As indiscriminate industrial expansion frequently choke up China’s skies with heavy smog and other pollution, green growth is being seen as the solution and the best way to delivering on China’s climate change commitments. It also reflects China’s genuine desire for a cleaner and more prosperous future not only for its own people but for the whole world.

So, what are key aspects of China’s new “green growth” model? Here are some facts you should know.


The latest Five-Year Plan confirms that shifting China’s energy production mix toward cleaner energies is still at the top of the leadership’s agenda, said Bloomberg Intelligence analyst Joseph Jacobelli.

The blueprint promises an “energy revolution” that boosts development of non-fossil energy from wind, solar, biomass, water, and geothermal sources. It will also explore deposits of natural, shale and coal bed gas for cleaner energies. Nuclear power will be developed safely and efficiently.

Low-carbon public transportation will be widely adopted by an improved rail transport system along with new energy vehicles and green construction materials.

By the end of 2020, China aims to increase non-fossil energy to 15 percent of total primary power consumption and raise the share of renewable energy in production.


Restraining carbon emissions is a fundamental element of China’s 13th Five-Year Plan, according to Demi Zhu, analyst of Bloomberg New Energy Finance.

Apart from the aggressive adoption of sustainable energy, China is also pushing forward its energy efficiency to achieve the objective. The new plan will continue to shift China’s growth model from heavy industries to advanced manufacturing and services, which are less energy intensive, Zhu said.

According to the plan, energy-intense industries, such as power, steel, chemical and building materials will be subject to carbon emission control regulations.


China will set up a green development fund to promote clean production through clean energy, green transportation, control of carbon emissions in major industries and a circular economy, according to the plan.

The fund is seen as a new channel to steer capital and resources into the environmental protection industry. The Ministry of Environmental Protection expects a further 2 trillion yuan (300 billion U.S. dollars) to flood in each year from 2016 to 2020.

China has been beefing up environment-related investment for years. The country’s environmental protection industry grew by around 20 percent each year from 2011 to 2015, with more than 500 billion U.S. dollars injected into the sector during the period.


China is striving to launch a nationwide carbon emissions trading market in 2017 to fulfill the country’s commitment of a low carbon future, Xie Zhenhua, China’s special representative on climate change, said last week.

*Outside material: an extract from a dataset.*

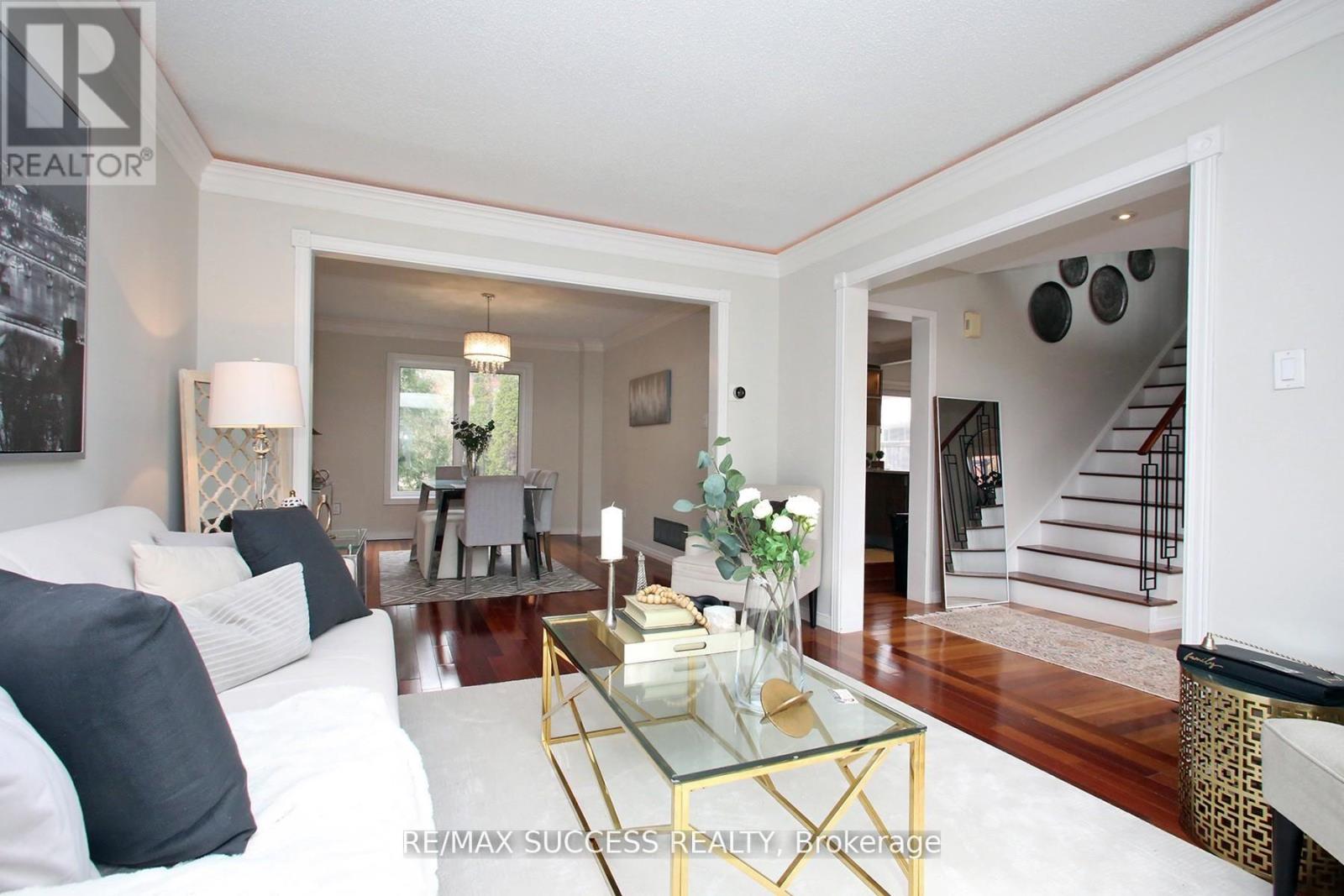 6643 Mockingbird Lane, Mississauga, Ontario  L5N 5K2 - Photo 6 - W13004518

Seven pilot schemes have already paved the way for a national market, Xie said. China began piloting carbon trading in 2011 and approved seven schemes in Beijing, Tianjin, Shanghai, Chongqing, Shenzhen, Guangdong and Hubei. Under the schemes, enterprises that produce more than their share of emissions are allowed to buy unused quota on the market from those that cause less pollution.

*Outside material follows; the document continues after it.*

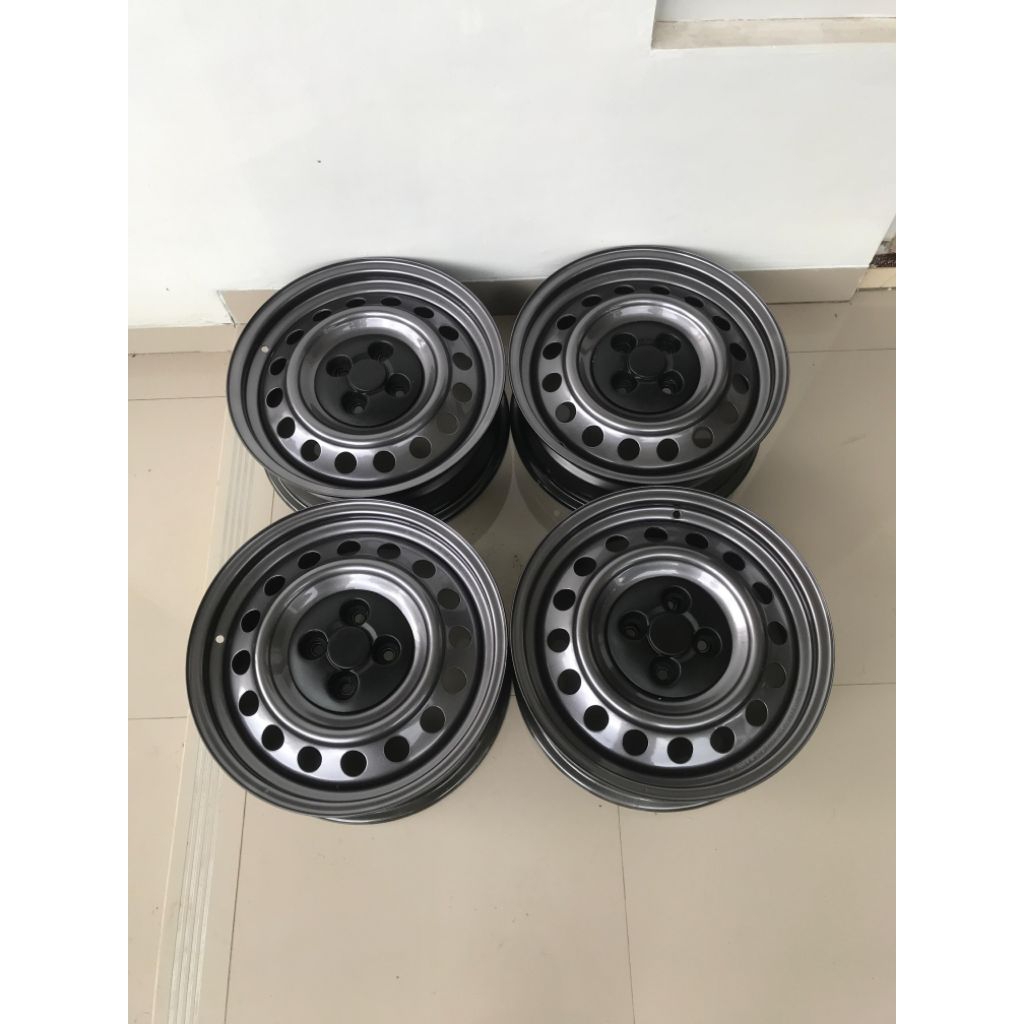 Velg Kalaleng pcd 4x100 ring 16 oem Rocky warna gunmetal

Transactions of the seven pilots totaled about 1.2 billion yuan, involving gas emission quota of 40.24 million tonnes, according to an annual report released by the National Development and Reform Commission, the country’s top economic planner.


In addition, China has been working hard with the global community to tackle with the climate change issue.

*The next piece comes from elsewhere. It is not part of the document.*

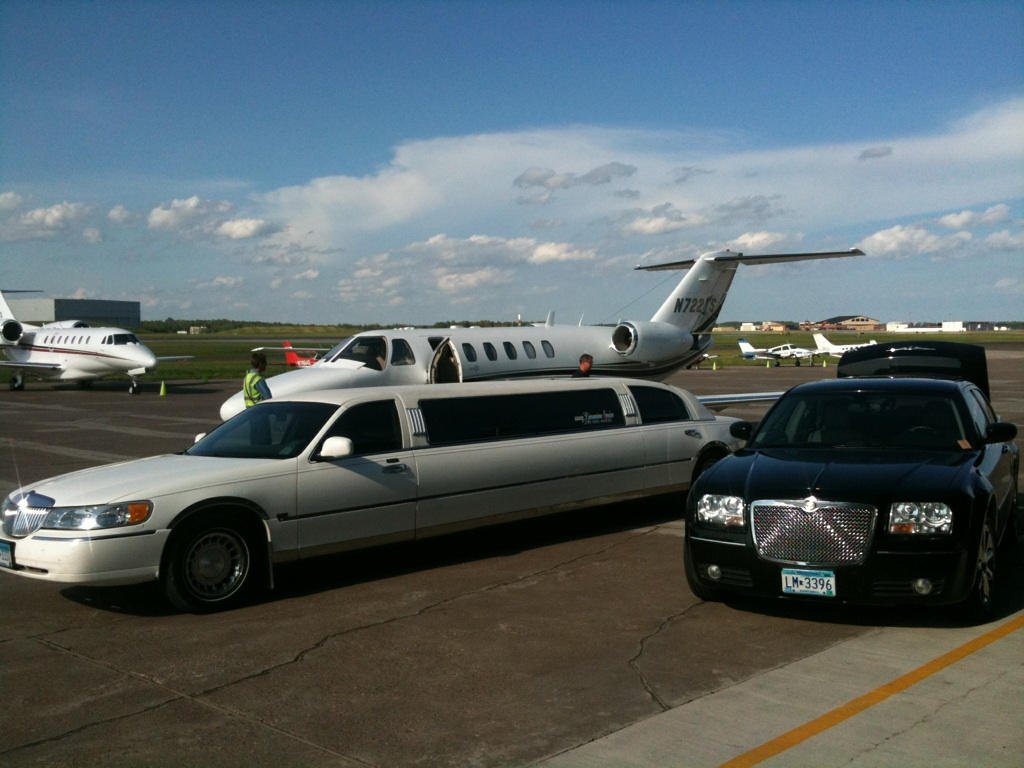 St. Catharines to Pearson Airport Toronto Limo | 24/7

In September, President Xi Jinping and his U.S. counterpart Barack Obama issued a joint president statement on climate change. A highlight of Xi’s visit to Washington, the statement specified new steps both countries will take to deliver on pledges made last year to slash their greenhouse gas emissions.

Earlier this month, Xi issued a joint statement on climate change in Beijing with visiting French President Francois Hollande. The two heads of state vowed to promote a working program on accelerating pre-2020 efforts in mitigation, adaptation and support at the UN climate change conference in Paris in December.

China has also pledged to establish a 20-billion-yuan fund to help other developing countries combat and adapt to climate change, while cutting carbon dioxide emissions per unit of gross domestic product (GDP) by 60 percent to 65 percent from the 2005 level by 2030.

China’s environmental endeavors are already showing results. In 2014, energy consumption and carbon dioxide emissions per unit GDP were down by 29.9 and 33.8 percent respectively from the 2005 level. Meanwhile, Chinese leaders have reiterated that the world’s second largest economy is ready to play a constructive role and work for the timely conclusion of a comprehensive, balanced and strong agreement at the Paris conference.